▶ [TASK OBJECTIVE] Once you reach the line with "806 Skelton Rd #0, Hoschton, GA 30548" below, copy each line exactly, stopping after the line with "Thomas The Tank Engine", and skip any pictures.

▶ [SUPPLIED RECORDS]
--------

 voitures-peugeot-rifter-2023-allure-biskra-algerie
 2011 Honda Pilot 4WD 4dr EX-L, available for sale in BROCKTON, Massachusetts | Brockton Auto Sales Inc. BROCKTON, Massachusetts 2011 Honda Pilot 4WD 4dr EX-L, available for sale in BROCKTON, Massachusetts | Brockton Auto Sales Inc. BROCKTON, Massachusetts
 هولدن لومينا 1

--------

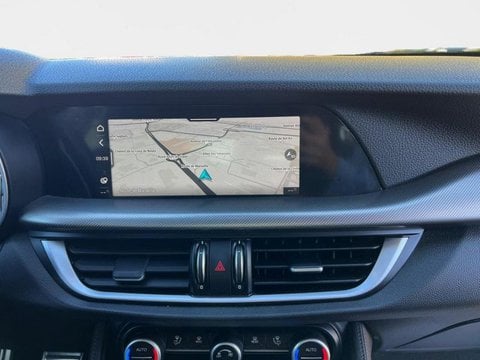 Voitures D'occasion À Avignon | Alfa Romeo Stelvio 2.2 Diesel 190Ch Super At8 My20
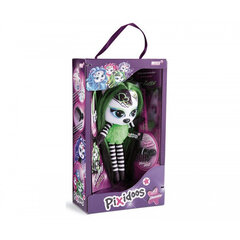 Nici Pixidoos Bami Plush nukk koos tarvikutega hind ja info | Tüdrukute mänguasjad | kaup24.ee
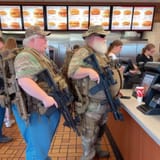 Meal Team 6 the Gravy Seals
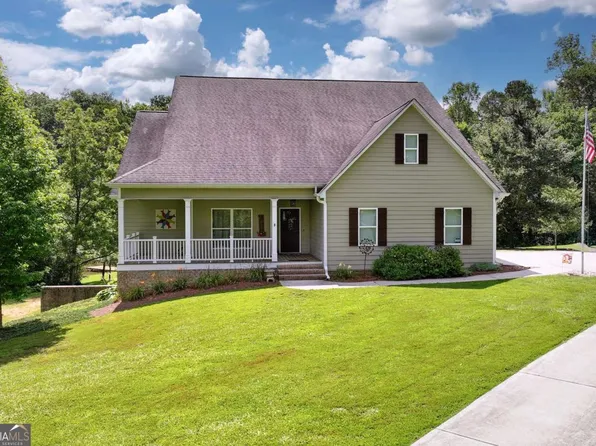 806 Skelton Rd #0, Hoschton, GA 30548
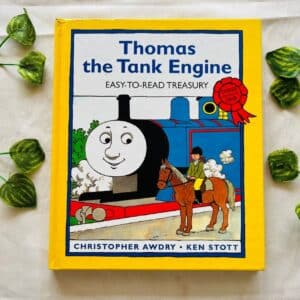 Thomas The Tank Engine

--------

▶ [ANSWER SPACE]
 806 Skelton Rd #0, Hoschton, GA 30548
 Thomas The Tank Engine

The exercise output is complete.